Scene flow estimation is the 3D version of optical flow. It requires depth estimation as well. It is a natural idea to extend the monocular prediction of optical flow and depth to scene flow.
Optical flow is the 2D projection of a 3D point and its 3D scene flow. The scene flow is defined as 3D motion wrt the camera.
The architecture is heavily based on PWC Net for optical flow estimation.
- The main idea is the introduction of the 3D point loss, which penalizes the inconsistency between depth and scene flow estimation.
- Data augmentation with cam conv is better for depth prediction, but does not help with the performance degradation after data aug.
- Change output channel from 2D in PWC Net (2D optical flow) to 4D (depth + 3D scene flow).
- Loss
- Disparity loss: the same as self-supervised stereo system.
- Scene flow loss:
- photometric loss: target image --> lift to 3D --> add scene flow vector --> project to source --> compare with source
- point loss: src and target both project to 3d --> compare distance with scene flow vector
- edge aware scene flow loss
- Unified decoder for both depth and scene flow. Separating decoder leads to collapse in training.
- The performance for 2D optical flow is suboptimal but for 3D scene flow the best, as the loss regularizer is in 3D domain. Having a regularizer in the target domain is the best.
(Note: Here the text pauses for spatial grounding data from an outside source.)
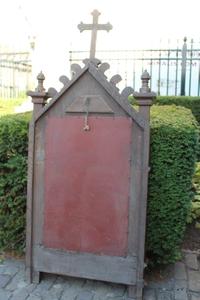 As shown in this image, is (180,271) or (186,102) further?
(186,102)

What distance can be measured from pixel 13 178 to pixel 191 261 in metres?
1.66

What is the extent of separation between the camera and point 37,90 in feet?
9.31

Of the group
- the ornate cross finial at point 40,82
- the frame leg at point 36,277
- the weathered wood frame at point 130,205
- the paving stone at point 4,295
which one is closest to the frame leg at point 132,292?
the weathered wood frame at point 130,205

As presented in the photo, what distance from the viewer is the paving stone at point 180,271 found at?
3104mm

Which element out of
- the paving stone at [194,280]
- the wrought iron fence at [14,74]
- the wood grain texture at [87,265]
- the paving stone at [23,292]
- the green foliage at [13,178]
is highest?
the wrought iron fence at [14,74]

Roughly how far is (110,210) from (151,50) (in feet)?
23.4

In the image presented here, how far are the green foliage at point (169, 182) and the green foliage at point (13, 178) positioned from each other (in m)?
1.02

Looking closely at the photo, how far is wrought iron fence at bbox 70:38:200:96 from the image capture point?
29.4ft

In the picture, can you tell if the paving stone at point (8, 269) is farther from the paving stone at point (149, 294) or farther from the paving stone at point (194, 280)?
the paving stone at point (194, 280)

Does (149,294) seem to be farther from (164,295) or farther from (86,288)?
(86,288)

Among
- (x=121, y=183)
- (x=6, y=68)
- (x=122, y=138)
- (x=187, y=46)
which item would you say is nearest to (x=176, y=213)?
(x=121, y=183)

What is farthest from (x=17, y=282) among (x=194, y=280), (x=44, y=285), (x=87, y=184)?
(x=194, y=280)

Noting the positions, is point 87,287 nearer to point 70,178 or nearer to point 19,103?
point 70,178

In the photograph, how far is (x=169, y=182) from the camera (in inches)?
111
- Self supervised, then finetune on 200 annotated images boosted the performance dramatically. --> This means self-supervised approach can boost the performance of data efficiency.
- This seems to learn a metric scale scene flow nicely.
- video
- github repo
- It requires stereo for training and only need monocular at inference time. --> This can be extended to use a mono video only, by changing depth loss from using stereo to using sequence with the help of PoseNet.